Boltim, PilarAktual.com – Mewakili Bupati Bolaang Mongondow Timur, Oskar Manoppo, Wakil Bupati Argo V. Sumaiku menghadiri Pesta Adat Tulude yang digelar di Desa Molobog Timur, Kecamatan Motongkad, Sabtu (14/2/2026).
Kegiatan adat tahunan ini berlangsung khidmat dan penuh nuansa kekeluargaan, menjadi ruang perjumpaan lintas elemen masyarakat dalam menjaga warisan budaya daerah.
Pesta Adat Tulude tahun ini mengusung tema “Mahi Sengkapebituing Tumunduge Bulang” yang dimaknai sebagai Mari Kita Wujudkan Pembangunan Dalam Kebersamaan.
Tema tersebut menegaskan bahwa pembangunan daerah tidak hanya bertumpu pada aspek fisik, melainkan juga pada kekuatan persatuan, toleransi, dan semangat gotong royong yang hidup di tengah masyarakat.
Dalam sambutan Bupati yang dibacakan Wakil Bupati Argo V. Sumaiku, ditegaskan bahwa Pesta Adat Tulude bukan sekadar kegiatan seremonial tahunan.
Lebih dari itu, Tulude merupakan momentum penting untuk mempererat tali persaudaraan, memperkokoh identitas budaya, serta memperkuat komitmen kebersamaan di tengah keberagaman masyarakat Boltim.
“Di sinilah kita belajar bahwa perbedaan suku, bahasa, dan latar belakang bukanlah penghalang. Justru perbedaan itulah yang menjadi kekuatan untuk memperkaya khazanah budaya dan memperkokoh persatuan di daerah yang kita cintai ini,” ujar Wakil Bupati saat membacakan sambutan Bupati.

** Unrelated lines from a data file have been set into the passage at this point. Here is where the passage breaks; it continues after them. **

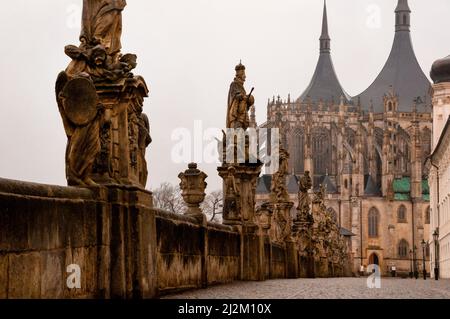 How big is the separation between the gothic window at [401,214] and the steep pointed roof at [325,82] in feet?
80.3

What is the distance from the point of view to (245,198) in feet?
70.0

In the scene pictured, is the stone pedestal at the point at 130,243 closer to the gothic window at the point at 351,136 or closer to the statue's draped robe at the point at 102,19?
the statue's draped robe at the point at 102,19

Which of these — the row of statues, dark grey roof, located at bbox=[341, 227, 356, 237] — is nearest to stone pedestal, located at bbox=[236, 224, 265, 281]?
the row of statues

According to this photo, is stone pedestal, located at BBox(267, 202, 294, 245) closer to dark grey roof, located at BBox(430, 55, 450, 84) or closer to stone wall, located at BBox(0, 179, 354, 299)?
stone wall, located at BBox(0, 179, 354, 299)

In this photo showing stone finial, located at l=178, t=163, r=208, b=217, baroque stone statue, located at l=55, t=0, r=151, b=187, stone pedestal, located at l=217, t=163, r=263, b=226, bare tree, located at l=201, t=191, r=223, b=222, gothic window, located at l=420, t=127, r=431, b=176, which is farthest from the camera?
gothic window, located at l=420, t=127, r=431, b=176

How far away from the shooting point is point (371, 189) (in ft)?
445

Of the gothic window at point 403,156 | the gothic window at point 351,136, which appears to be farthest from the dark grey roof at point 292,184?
the gothic window at point 403,156

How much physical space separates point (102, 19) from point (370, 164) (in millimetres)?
130314

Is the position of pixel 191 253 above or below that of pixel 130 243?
below

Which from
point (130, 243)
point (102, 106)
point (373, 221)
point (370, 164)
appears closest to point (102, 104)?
point (102, 106)

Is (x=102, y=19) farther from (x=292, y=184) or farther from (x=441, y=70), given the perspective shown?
(x=292, y=184)

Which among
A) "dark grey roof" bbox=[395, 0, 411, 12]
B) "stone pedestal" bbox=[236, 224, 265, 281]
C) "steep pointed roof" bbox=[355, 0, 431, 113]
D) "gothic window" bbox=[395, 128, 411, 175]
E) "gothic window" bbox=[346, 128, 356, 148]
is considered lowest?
"stone pedestal" bbox=[236, 224, 265, 281]

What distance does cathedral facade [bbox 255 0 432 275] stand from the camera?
A: 436 ft

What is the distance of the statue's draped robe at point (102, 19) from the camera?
10.4 m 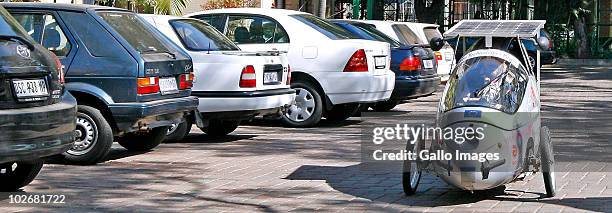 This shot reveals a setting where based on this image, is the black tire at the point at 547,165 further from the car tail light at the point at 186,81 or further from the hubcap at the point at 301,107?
the hubcap at the point at 301,107

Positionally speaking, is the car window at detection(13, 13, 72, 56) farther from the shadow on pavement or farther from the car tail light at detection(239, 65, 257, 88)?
the shadow on pavement

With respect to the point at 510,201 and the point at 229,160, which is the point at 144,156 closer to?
the point at 229,160

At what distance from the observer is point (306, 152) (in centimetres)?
1210

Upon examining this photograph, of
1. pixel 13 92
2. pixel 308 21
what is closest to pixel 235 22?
pixel 308 21

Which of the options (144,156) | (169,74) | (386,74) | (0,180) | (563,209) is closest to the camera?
(563,209)

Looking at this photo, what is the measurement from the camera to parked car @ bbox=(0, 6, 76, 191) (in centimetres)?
760

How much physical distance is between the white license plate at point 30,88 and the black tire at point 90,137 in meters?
2.25

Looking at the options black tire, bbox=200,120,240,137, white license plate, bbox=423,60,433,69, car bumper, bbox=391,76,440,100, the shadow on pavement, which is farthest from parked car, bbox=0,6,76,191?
white license plate, bbox=423,60,433,69

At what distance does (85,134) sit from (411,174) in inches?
133

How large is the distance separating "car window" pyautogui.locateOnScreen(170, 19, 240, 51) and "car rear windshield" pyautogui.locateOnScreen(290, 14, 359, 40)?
2.08m

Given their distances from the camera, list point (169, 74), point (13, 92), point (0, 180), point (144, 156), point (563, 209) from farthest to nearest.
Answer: point (144, 156)
point (169, 74)
point (0, 180)
point (563, 209)
point (13, 92)

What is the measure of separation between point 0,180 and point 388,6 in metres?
33.2

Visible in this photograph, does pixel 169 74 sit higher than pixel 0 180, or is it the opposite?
pixel 169 74

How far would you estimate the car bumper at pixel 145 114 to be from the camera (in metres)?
10.4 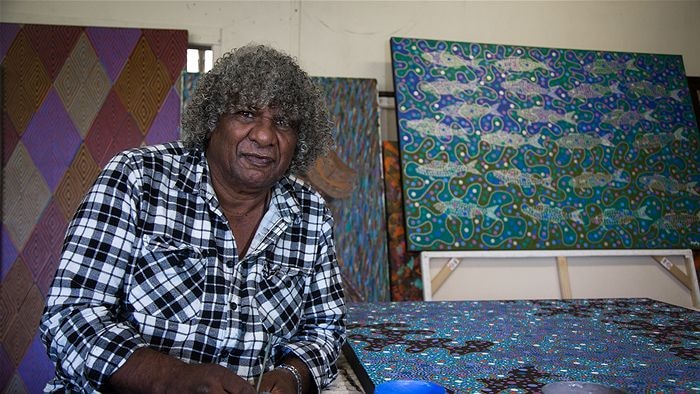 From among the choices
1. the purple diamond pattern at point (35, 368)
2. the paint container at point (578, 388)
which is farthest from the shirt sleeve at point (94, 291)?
the purple diamond pattern at point (35, 368)

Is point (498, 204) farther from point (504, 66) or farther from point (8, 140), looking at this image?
point (8, 140)

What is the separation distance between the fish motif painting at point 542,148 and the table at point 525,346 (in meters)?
1.13

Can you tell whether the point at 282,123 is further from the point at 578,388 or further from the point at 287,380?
the point at 578,388

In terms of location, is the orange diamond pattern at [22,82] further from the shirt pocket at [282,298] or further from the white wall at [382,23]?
the shirt pocket at [282,298]

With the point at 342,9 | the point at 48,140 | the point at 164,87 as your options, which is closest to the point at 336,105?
the point at 342,9

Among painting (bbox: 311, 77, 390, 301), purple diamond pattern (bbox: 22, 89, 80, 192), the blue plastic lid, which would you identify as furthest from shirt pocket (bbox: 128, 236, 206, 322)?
purple diamond pattern (bbox: 22, 89, 80, 192)

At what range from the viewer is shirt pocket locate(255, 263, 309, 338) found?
45.9 inches

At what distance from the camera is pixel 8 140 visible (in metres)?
2.75

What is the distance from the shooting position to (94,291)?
0.99 metres

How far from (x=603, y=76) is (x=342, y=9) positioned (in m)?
1.88

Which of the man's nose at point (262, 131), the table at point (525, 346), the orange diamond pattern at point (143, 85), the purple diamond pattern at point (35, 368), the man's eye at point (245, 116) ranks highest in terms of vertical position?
the orange diamond pattern at point (143, 85)

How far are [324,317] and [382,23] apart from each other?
8.64 feet

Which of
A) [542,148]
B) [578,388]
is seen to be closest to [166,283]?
[578,388]

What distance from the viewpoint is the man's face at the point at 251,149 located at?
1.18 meters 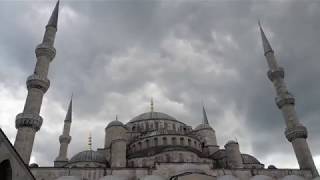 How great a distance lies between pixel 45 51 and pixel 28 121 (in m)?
5.05

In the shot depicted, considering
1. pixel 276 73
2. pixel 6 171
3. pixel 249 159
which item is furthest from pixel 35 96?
pixel 276 73

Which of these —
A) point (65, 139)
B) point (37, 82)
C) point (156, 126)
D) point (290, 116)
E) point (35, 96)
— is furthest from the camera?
point (156, 126)

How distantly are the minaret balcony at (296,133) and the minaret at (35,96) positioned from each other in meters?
14.7

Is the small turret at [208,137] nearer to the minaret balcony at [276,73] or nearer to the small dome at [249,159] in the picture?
the small dome at [249,159]

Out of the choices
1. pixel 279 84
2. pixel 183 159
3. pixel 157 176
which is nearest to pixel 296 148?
pixel 279 84

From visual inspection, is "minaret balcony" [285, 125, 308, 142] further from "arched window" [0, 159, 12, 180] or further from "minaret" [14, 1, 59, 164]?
"arched window" [0, 159, 12, 180]

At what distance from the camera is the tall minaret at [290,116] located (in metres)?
19.5

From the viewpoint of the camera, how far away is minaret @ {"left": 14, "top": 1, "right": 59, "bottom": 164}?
1659 cm

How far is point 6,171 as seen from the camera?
9.81 metres

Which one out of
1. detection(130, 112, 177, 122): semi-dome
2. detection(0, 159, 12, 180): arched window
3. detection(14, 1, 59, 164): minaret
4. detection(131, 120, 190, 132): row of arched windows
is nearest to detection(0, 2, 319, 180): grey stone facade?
detection(14, 1, 59, 164): minaret

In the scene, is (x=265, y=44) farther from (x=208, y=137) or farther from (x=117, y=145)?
(x=117, y=145)

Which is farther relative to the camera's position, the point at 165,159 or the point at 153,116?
the point at 153,116

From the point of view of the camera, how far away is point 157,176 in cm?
1655

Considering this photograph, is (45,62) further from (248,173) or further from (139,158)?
(248,173) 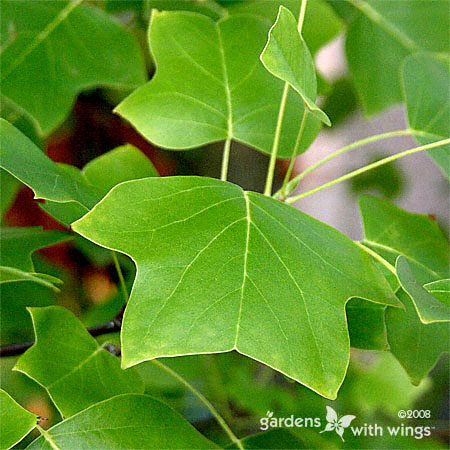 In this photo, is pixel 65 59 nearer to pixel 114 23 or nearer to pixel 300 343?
pixel 114 23

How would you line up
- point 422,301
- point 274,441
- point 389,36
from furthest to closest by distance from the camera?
point 389,36 → point 274,441 → point 422,301

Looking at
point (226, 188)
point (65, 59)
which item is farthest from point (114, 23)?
point (226, 188)

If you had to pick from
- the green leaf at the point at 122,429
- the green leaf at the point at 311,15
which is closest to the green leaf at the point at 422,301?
the green leaf at the point at 122,429

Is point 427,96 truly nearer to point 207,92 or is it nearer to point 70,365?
point 207,92

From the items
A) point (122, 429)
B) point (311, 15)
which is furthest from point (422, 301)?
point (311, 15)

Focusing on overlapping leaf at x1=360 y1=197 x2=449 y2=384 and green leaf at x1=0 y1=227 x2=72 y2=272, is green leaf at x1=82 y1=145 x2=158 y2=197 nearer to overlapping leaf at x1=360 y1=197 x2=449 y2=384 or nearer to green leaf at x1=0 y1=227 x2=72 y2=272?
green leaf at x1=0 y1=227 x2=72 y2=272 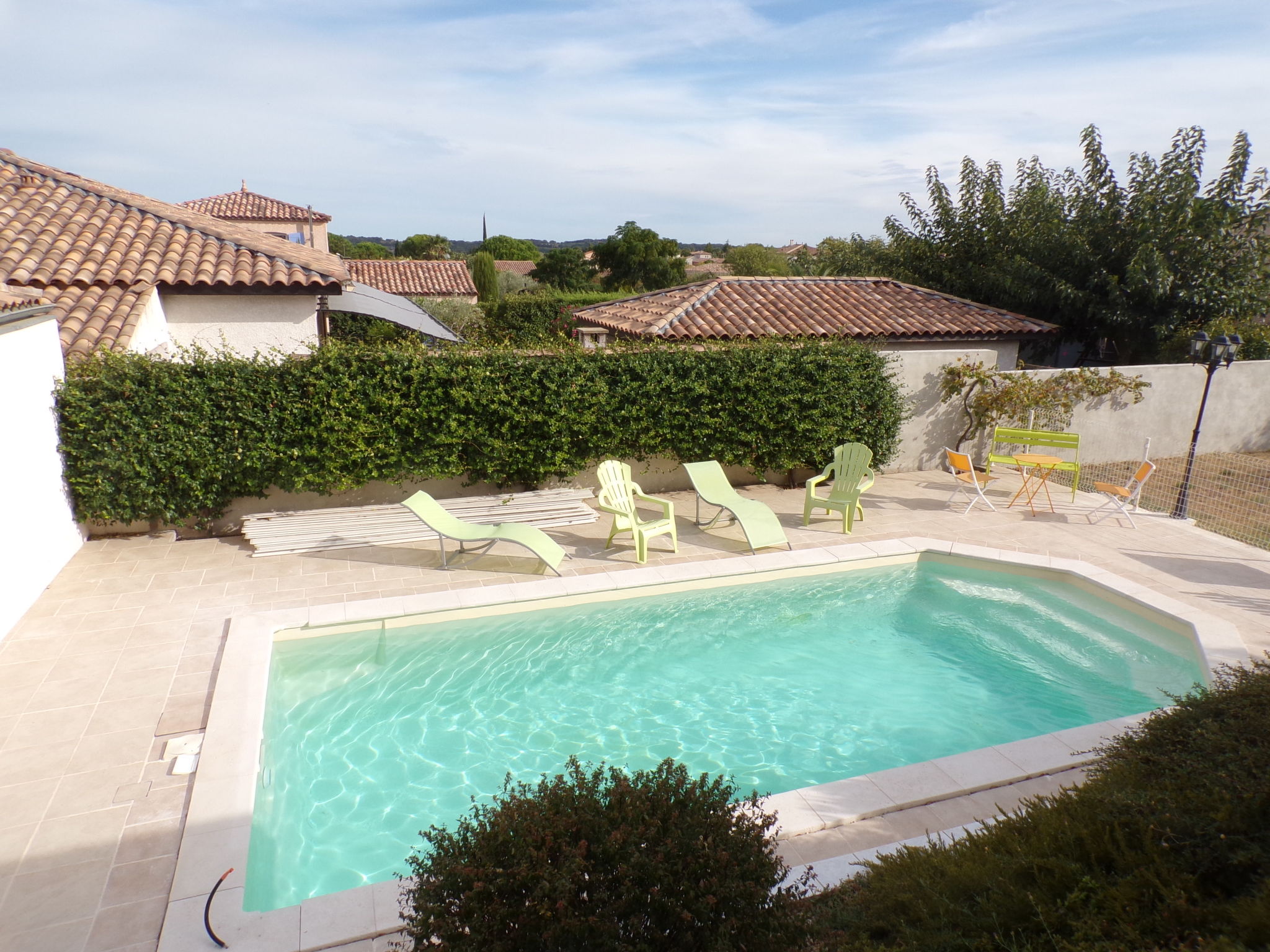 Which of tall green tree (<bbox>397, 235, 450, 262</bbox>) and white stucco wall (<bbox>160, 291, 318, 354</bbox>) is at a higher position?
tall green tree (<bbox>397, 235, 450, 262</bbox>)

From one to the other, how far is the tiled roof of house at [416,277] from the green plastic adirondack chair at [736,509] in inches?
1300

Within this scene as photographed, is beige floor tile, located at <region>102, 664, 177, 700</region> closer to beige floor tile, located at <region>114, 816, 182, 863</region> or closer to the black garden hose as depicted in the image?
beige floor tile, located at <region>114, 816, 182, 863</region>

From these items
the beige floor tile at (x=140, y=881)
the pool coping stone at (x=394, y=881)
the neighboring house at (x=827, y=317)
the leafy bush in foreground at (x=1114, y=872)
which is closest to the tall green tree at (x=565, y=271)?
the neighboring house at (x=827, y=317)

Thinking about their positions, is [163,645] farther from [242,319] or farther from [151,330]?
[242,319]

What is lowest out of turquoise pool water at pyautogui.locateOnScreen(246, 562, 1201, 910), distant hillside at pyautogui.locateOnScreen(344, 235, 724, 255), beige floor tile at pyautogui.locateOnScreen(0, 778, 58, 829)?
turquoise pool water at pyautogui.locateOnScreen(246, 562, 1201, 910)

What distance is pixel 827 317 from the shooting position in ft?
Result: 54.7

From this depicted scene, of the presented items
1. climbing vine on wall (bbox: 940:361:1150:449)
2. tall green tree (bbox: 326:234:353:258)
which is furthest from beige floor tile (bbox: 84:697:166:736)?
tall green tree (bbox: 326:234:353:258)

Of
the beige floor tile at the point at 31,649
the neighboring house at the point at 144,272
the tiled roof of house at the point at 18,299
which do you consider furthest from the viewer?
the neighboring house at the point at 144,272

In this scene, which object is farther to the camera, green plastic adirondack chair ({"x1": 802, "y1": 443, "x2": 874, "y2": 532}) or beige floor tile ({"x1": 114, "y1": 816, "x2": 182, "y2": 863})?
green plastic adirondack chair ({"x1": 802, "y1": 443, "x2": 874, "y2": 532})

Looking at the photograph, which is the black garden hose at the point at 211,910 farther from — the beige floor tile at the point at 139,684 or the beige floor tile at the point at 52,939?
the beige floor tile at the point at 139,684

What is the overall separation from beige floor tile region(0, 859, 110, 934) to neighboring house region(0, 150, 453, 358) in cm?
786

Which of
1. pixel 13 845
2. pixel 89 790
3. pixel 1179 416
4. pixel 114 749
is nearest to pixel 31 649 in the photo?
pixel 114 749

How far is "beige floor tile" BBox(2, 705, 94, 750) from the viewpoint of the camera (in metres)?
5.76

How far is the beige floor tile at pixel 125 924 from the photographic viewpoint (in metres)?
3.97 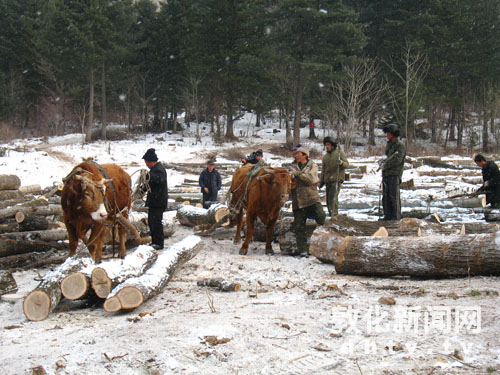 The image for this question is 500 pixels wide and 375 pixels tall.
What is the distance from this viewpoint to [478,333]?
12.9ft

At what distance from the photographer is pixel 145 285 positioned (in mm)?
5477

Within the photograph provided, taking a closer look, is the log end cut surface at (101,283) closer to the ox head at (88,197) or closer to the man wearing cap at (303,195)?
the ox head at (88,197)

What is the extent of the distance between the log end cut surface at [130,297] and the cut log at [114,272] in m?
0.44

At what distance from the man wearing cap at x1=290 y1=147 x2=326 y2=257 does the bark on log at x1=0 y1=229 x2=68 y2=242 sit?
4361 millimetres

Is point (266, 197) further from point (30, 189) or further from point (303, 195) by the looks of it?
point (30, 189)

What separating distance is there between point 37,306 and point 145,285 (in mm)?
1243

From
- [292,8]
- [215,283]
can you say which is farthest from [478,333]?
[292,8]

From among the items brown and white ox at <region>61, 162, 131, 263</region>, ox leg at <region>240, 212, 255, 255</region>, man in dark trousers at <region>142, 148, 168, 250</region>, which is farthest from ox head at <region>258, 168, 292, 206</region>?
brown and white ox at <region>61, 162, 131, 263</region>

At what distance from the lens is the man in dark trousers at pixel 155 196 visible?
8.27 meters

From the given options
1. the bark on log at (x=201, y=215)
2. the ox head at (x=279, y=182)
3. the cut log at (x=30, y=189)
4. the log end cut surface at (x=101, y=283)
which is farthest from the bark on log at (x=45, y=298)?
the cut log at (x=30, y=189)

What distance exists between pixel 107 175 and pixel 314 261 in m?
3.81

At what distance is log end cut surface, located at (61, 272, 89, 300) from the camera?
217 inches

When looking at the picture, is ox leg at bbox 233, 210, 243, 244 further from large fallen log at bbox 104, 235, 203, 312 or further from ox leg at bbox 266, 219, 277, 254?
large fallen log at bbox 104, 235, 203, 312

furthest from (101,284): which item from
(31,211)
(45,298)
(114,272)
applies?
(31,211) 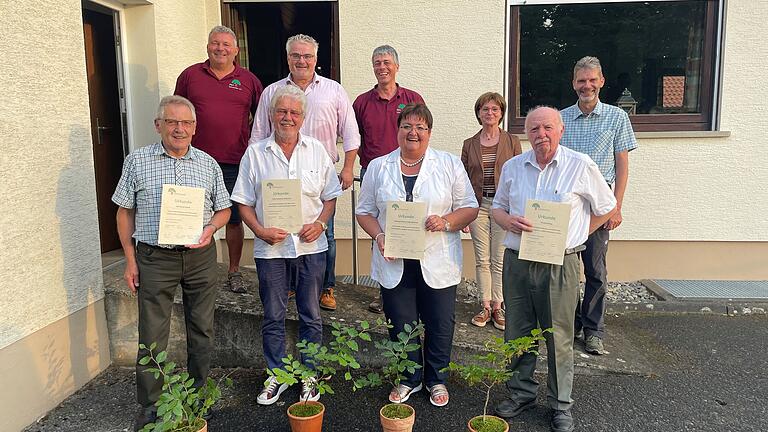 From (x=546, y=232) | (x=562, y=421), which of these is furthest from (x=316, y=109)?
(x=562, y=421)

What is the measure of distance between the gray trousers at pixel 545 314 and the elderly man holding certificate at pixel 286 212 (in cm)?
122

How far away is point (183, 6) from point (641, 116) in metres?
5.04

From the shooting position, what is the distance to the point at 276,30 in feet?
20.7

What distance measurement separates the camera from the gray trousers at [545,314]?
3.16 metres

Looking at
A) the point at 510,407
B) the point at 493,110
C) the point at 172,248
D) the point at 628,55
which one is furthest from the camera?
the point at 628,55

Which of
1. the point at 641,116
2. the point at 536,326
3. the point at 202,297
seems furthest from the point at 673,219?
the point at 202,297

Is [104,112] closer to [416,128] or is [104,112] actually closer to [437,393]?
[416,128]

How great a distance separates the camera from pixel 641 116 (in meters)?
6.17

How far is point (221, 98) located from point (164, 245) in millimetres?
1542

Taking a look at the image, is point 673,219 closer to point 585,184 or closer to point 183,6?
point 585,184

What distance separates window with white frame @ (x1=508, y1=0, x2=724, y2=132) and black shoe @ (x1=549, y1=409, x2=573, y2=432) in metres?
3.68

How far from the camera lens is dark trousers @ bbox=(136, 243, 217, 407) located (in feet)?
10.3

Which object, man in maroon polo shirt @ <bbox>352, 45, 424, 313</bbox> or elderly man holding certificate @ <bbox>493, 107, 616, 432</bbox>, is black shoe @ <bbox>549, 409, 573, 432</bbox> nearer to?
elderly man holding certificate @ <bbox>493, 107, 616, 432</bbox>

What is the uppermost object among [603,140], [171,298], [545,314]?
[603,140] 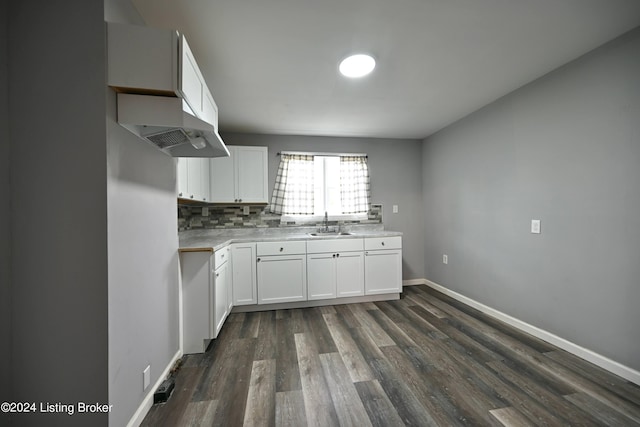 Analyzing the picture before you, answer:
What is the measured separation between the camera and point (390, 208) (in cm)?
395

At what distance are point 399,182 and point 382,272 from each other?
5.00ft

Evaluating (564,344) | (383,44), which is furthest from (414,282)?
(383,44)

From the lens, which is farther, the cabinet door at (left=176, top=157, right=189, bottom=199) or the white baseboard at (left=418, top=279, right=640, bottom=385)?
the cabinet door at (left=176, top=157, right=189, bottom=199)

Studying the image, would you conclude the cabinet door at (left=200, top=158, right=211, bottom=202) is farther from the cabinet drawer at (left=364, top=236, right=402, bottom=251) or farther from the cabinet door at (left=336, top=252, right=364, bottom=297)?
the cabinet drawer at (left=364, top=236, right=402, bottom=251)

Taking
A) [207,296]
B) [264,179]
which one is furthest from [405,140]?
[207,296]

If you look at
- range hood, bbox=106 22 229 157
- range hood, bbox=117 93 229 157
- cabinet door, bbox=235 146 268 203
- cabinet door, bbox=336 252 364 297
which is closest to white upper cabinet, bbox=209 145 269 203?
cabinet door, bbox=235 146 268 203

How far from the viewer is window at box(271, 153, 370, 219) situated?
3611mm

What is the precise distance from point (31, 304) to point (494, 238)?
142 inches

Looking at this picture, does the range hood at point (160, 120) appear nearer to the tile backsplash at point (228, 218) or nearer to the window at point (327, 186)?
the tile backsplash at point (228, 218)

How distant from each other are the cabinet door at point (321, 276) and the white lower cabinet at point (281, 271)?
63 mm

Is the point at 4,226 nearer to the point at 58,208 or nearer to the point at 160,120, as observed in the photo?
the point at 58,208

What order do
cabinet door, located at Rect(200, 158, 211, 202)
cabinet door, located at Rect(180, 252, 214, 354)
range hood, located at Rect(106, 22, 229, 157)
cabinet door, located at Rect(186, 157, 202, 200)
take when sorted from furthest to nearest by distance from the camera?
cabinet door, located at Rect(200, 158, 211, 202) → cabinet door, located at Rect(186, 157, 202, 200) → cabinet door, located at Rect(180, 252, 214, 354) → range hood, located at Rect(106, 22, 229, 157)

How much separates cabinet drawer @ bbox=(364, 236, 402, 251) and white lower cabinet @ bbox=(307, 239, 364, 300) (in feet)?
0.31

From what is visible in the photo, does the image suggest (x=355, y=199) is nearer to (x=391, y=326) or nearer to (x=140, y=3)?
(x=391, y=326) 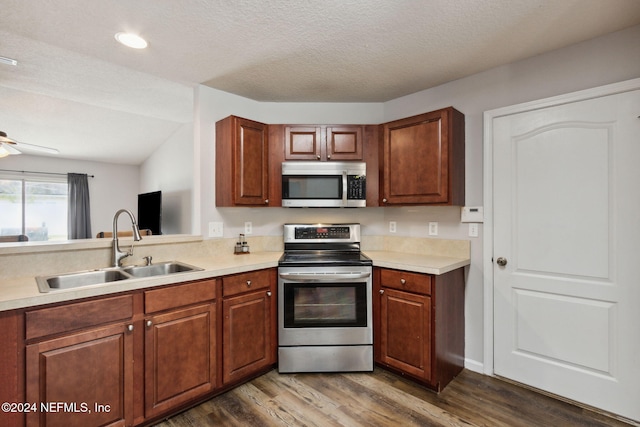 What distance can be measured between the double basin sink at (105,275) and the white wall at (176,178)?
7.20 ft

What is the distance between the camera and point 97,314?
1534 millimetres

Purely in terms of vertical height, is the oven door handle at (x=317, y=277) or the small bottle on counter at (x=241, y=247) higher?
the small bottle on counter at (x=241, y=247)

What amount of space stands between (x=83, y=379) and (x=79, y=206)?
6028mm

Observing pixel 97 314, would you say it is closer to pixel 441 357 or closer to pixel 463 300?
pixel 441 357

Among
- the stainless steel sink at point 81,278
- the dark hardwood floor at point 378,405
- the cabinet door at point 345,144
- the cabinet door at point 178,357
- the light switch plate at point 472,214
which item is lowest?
the dark hardwood floor at point 378,405

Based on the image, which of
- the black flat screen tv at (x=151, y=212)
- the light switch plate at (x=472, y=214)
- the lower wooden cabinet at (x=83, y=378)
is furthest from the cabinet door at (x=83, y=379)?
the black flat screen tv at (x=151, y=212)

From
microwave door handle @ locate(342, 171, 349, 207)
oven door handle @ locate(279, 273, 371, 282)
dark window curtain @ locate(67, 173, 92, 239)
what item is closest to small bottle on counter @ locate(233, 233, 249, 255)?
oven door handle @ locate(279, 273, 371, 282)

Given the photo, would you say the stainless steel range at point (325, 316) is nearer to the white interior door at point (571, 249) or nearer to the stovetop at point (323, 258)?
the stovetop at point (323, 258)

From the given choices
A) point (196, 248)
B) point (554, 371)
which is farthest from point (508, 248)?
point (196, 248)

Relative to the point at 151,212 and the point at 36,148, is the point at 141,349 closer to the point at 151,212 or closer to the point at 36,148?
the point at 151,212

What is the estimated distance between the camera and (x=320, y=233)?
108 inches

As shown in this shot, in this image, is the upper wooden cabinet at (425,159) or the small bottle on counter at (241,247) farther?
the small bottle on counter at (241,247)

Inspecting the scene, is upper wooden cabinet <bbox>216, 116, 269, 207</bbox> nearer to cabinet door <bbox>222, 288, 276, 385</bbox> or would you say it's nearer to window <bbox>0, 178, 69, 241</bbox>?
cabinet door <bbox>222, 288, 276, 385</bbox>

Ia juga mengajak seluruh elemen masyarakat untuk terus menjaga toleransi dan nilai-nilai kebersamaan yang telah menjadi fondasi kehidupan sosial di Boltim sejak dahulu.
Menurutnya, pembangunan akan berjalan lebih harmonis apabila dilandasi rasa saling menghormati serta penghargaan terhadap kearifan lokal.
“Marilah kita rawat persaudaraan dan semangat gotong royong agar pembangunan dapat berjalan selaras dengan nilai-nilai budaya dan kearifan lokal yang kita miliki,” lanjutnya di hadapan para undangan.
Kegiatan tersebut turut dihadiri Pemerintah Kecamatan Motongkad bersama seluruh jajaran Sangadi, unsur Forkopimda Boltim, tokoh adat, tokoh masyarakat, serta sejumlah tenaga ahli Bupati.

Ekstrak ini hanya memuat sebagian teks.